Gary i Denzel go genialni aktorzy, ale nawet oni mogą nie uratować kiepskiego filmu.
Oczywiście wszystko okaże się w kinie, niemniej pewne obawy są:
- Po pierwsze fabuła to kolejny film o zagładzie ludzkości, który chyba nie będzie grzeszył oryginalnością.
- W trailerze widzę, że Denzel walczy jak Jet Li, więc możliwe że w filmie efekty przysłonią grę aktorów. Chociaż z drugiej strony nikt nie zatrudnia tak drogich aktorów żeby potem przerobić ich na komputerową animację.
Zobaczymy.
Denzel nie zagrał w żadnym dobrym filmie od roli w American Gangster, a już Księga Ocalenia zapowiada się tragicznie
Właśnie i on i Garry Oldman dawno nie grali..więc może tutaj nie byli aż tacy drodzy i dla nich i dla filmu - to po prostu szansa, żeby zaistnieć (?)
i tu się zgodzę, krytykujecie film który nawet nie wszedł jeszcze do kin i oceniacie go po zwiastunie kinowym
Nie krytykujemy filmu, spekulujemy tylko na jego temat w oparciu o trailer.

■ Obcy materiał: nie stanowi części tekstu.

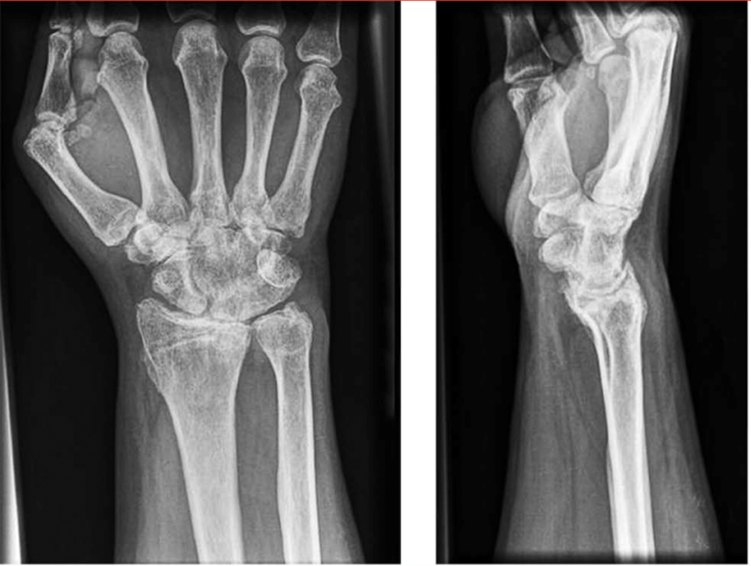 X-ray Showing Wrist Arthritis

Ja wykreślam jeden punkt z swojego pierwszego postu - sceny walk Denzela to nie efekt pracy komputera, ale trenera sztuk walki.
Ja myślę że będzie przyzwoicie, trailer wygląda super a co do scen walki to typowe że pełno ich w trailerze bo każda wytwórnia chce zawsze pokazać najefektowniejsze sceny przed premierą żeby zachęcić widzów, sami powiedzcie czy poszlibyście na film gdyby w trailerze były same urywki rozmów bohaterów, pewnie raczej były by opinie że się zapowiada zbytnia nuda jak na film akcji i nie warto iść.